Segment Start: RECORDS SUPPLIED

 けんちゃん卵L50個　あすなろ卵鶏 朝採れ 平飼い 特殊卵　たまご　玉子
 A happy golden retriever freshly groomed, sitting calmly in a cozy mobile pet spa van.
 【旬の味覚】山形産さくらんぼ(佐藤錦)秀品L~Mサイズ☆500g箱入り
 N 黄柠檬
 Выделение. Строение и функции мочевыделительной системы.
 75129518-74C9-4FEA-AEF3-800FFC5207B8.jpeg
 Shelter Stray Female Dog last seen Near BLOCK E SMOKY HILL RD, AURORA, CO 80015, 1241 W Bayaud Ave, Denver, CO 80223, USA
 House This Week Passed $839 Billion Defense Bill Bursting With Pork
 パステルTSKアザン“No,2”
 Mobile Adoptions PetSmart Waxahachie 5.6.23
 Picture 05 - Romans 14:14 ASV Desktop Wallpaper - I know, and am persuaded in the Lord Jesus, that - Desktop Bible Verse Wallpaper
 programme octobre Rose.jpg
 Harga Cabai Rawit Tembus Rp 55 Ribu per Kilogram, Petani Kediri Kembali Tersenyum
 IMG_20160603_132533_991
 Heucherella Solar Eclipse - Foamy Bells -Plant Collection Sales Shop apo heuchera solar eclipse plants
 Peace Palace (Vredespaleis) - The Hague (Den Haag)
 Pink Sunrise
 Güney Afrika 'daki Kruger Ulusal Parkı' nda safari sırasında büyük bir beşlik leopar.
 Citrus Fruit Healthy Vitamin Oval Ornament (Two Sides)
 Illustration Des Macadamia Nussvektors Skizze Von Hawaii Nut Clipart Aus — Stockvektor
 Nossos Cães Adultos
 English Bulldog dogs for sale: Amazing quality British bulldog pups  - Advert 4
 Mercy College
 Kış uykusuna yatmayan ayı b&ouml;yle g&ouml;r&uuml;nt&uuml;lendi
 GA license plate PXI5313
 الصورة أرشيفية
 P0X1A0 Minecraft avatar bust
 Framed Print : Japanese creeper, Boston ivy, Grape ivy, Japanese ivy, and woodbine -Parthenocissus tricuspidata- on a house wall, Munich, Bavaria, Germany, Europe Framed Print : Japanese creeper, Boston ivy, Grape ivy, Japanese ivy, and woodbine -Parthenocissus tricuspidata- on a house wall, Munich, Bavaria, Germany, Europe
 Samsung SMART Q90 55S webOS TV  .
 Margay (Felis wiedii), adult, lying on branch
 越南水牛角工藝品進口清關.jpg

Segment End: RECORDS SUPPLIED

Within the listing above, extract exactly the lines from the line with "Pink Sunrise" to the line with "Germany, Europe Framed", the two named lines included, and no others.

### RESPONSE BELOW
 Pink Sunrise
 Güney Afrika 'daki Kruger Ulusal Parkı' nda safari sırasında büyük bir beşlik leopar.
 Citrus Fruit Healthy Vitamin Oval Ornament (Two Sides)
 Illustration Des Macadamia Nussvektors Skizze Von Hawaii Nut Clipart Aus — Stockvektor
 Nossos Cães Adultos
 English Bulldog dogs for sale: Amazing quality British bulldog pups  - Advert 4
 Mercy College
 Kış uykusuna yatmayan ayı b&ouml;yle g&ouml;r&uuml;nt&uuml;lendi
 GA license plate PXI5313
 الصورة أرشيفية
 P0X1A0 Minecraft avatar bust
 Framed Print : Japanese creeper, Boston ivy, Grape ivy, Japanese ivy, and woodbine -Parthenocissus tricuspidata- on a house wall, Munich, Bavaria, Germany, Europe Framed Print : Japanese creeper, Boston ivy, Grape ivy, Japanese ivy, and woodbine -Parthenocissus tricuspidata- on a house wall, Munich, Bavaria, Germany, Europe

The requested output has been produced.